> _TASK OBJECTIVE_: What is the number of lines in the data that hold the string "Grand"? Reply with that number only.

> _WORKING DATA_:
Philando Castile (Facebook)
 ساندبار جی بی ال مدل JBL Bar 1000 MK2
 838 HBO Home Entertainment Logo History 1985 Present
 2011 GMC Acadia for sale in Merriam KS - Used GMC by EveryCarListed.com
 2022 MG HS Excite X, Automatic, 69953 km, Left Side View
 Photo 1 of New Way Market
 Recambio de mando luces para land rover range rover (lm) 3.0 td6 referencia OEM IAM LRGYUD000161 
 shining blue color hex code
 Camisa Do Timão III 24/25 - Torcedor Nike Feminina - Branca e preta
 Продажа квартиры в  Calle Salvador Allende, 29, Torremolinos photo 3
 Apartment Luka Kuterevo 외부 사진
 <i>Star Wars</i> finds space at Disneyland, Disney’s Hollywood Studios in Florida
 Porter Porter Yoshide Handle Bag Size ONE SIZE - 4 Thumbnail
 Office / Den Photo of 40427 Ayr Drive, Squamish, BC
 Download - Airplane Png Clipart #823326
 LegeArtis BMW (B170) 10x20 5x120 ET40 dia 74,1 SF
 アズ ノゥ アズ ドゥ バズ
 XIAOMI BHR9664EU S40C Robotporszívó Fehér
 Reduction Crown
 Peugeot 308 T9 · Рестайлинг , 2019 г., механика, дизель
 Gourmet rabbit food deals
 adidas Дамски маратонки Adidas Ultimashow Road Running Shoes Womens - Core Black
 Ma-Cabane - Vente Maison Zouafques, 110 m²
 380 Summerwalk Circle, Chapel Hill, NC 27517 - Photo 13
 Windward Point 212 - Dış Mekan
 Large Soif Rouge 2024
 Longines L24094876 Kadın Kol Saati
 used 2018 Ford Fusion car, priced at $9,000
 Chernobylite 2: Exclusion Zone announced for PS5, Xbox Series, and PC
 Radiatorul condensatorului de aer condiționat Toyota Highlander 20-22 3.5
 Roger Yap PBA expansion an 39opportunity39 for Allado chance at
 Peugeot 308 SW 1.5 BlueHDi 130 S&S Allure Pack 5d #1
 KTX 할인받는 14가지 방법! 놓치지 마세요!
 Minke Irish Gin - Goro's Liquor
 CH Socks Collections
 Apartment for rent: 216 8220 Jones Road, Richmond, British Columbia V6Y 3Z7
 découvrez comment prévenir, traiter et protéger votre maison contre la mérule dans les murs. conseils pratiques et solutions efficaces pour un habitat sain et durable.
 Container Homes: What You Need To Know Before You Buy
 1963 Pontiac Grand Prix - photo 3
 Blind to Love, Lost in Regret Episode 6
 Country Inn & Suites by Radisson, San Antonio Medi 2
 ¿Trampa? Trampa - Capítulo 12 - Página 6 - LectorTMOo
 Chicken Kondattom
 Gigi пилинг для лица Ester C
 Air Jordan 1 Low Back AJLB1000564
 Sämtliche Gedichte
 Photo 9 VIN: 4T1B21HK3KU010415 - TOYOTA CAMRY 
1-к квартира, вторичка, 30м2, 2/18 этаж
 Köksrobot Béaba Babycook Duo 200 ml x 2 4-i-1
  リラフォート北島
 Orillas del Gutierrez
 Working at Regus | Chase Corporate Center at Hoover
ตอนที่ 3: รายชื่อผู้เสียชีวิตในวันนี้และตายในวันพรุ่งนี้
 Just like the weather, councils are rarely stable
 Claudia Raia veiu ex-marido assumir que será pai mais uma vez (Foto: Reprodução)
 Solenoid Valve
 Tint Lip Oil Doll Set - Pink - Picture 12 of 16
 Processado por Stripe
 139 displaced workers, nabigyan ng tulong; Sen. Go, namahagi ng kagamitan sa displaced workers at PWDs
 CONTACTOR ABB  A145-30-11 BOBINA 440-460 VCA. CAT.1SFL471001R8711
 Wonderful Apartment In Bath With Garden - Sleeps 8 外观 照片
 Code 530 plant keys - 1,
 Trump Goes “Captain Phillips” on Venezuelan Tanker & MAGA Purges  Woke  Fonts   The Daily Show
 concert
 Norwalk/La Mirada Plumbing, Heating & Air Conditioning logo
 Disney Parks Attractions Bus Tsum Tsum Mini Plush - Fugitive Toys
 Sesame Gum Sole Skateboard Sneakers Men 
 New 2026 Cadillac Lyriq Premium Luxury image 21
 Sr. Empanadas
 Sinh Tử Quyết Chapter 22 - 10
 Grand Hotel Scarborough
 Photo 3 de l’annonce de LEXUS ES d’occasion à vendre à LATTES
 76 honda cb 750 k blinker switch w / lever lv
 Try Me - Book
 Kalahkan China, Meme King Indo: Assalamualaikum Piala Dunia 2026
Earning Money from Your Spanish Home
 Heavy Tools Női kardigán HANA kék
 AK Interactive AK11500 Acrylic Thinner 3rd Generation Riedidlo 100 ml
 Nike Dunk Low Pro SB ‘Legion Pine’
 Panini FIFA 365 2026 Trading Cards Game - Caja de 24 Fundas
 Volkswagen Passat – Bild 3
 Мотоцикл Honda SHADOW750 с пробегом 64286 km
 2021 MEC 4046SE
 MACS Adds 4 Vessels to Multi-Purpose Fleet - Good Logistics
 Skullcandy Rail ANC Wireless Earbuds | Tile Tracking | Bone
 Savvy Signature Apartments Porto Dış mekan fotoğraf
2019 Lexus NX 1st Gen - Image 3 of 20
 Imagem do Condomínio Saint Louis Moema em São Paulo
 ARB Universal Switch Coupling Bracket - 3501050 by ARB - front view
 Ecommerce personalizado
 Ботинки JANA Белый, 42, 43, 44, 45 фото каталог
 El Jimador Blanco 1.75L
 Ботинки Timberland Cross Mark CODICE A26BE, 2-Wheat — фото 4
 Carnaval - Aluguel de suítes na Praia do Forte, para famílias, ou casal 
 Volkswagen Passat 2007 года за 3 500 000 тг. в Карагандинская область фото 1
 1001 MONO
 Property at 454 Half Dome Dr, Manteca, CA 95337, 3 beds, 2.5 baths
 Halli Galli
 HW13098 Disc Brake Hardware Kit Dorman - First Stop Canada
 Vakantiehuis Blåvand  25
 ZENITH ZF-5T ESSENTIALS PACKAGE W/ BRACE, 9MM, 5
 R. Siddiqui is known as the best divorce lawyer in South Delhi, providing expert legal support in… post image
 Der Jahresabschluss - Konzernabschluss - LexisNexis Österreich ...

> _ANSWER SECTION_: 2